> _WORK TO BE COMPLETED_:
Below are some records. Repeat exactly the lines from the one containing "Purple spiky cartoon" through the final line.

> _PROVIDED ENTRIES_:
-=-=-=-=-

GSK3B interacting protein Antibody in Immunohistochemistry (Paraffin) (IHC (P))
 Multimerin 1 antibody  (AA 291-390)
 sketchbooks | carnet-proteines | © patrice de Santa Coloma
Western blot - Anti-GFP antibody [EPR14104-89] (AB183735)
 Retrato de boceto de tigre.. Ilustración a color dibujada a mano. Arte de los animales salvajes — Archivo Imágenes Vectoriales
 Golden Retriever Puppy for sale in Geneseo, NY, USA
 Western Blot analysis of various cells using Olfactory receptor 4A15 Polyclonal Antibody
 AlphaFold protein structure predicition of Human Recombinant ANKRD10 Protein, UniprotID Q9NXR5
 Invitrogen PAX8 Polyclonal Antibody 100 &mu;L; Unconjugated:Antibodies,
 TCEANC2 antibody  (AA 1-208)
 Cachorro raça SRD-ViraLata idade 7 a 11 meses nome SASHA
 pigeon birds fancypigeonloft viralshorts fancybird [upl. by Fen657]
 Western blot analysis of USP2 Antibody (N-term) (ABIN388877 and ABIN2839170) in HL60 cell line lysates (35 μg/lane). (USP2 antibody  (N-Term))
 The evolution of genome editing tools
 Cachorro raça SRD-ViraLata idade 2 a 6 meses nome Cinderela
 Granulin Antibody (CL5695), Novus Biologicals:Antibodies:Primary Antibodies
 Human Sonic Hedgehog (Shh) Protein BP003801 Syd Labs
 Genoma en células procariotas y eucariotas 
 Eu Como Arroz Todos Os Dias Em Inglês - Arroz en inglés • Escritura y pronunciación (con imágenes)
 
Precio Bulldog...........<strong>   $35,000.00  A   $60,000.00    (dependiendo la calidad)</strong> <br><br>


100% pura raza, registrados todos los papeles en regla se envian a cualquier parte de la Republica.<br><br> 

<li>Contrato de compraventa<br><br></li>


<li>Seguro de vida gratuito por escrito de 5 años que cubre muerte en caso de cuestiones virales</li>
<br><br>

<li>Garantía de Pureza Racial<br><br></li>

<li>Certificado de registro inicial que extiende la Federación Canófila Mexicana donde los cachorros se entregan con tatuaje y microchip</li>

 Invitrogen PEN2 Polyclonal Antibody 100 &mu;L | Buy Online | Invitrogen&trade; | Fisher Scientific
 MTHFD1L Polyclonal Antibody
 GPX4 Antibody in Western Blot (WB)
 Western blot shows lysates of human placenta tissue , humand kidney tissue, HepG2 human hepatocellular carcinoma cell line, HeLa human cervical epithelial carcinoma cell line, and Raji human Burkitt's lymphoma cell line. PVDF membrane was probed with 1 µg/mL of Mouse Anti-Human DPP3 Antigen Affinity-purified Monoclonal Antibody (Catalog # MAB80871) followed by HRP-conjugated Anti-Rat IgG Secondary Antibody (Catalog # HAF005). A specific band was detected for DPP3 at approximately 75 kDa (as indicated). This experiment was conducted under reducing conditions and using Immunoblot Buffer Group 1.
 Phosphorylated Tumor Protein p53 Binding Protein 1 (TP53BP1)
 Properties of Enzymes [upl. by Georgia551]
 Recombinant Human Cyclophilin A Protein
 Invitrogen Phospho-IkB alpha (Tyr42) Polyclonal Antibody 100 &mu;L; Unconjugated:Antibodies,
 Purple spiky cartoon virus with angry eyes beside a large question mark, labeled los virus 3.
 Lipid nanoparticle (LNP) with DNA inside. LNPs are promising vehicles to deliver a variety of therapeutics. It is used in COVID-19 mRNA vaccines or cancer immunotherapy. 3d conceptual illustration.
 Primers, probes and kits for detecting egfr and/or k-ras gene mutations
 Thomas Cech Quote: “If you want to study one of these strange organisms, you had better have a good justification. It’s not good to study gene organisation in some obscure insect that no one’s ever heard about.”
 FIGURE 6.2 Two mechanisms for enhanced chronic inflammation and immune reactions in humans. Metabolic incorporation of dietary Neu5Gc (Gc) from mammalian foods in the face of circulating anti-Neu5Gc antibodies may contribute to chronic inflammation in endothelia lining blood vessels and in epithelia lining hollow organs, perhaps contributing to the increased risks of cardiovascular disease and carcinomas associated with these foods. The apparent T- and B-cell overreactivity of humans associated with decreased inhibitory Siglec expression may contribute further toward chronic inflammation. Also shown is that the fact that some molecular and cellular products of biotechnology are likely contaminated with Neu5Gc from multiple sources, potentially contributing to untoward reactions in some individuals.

-=-=-=-=-

> _RESULT FOR THIS EXERCISE_:
 Purple spiky cartoon virus with angry eyes beside a large question mark, labeled los virus 3.
 Lipid nanoparticle (LNP) with DNA inside. LNPs are promising vehicles to deliver a variety of therapeutics. It is used in COVID-19 mRNA vaccines or cancer immunotherapy. 3d conceptual illustration.
 Primers, probes and kits for detecting egfr and/or k-ras gene mutations
 Thomas Cech Quote: “If you want to study one of these strange organisms, you had better have a good justification. It’s not good to study gene organisation in some obscure insect that no one’s ever heard about.”
 FIGURE 6.2 Two mechanisms for enhanced chronic inflammation and immune reactions in humans. Metabolic incorporation of dietary Neu5Gc (Gc) from mammalian foods in the face of circulating anti-Neu5Gc antibodies may contribute to chronic inflammation in endothelia lining blood vessels and in epithelia lining hollow organs, perhaps contributing to the increased risks of cardiovascular disease and carcinomas associated with these foods. The apparent T- and B-cell overreactivity of humans associated with decreased inhibitory Siglec expression may contribute further toward chronic inflammation. Also shown is that the fact that some molecular and cellular products of biotechnology are likely contaminated with Neu5Gc from multiple sources, potentially contributing to untoward reactions in some individuals.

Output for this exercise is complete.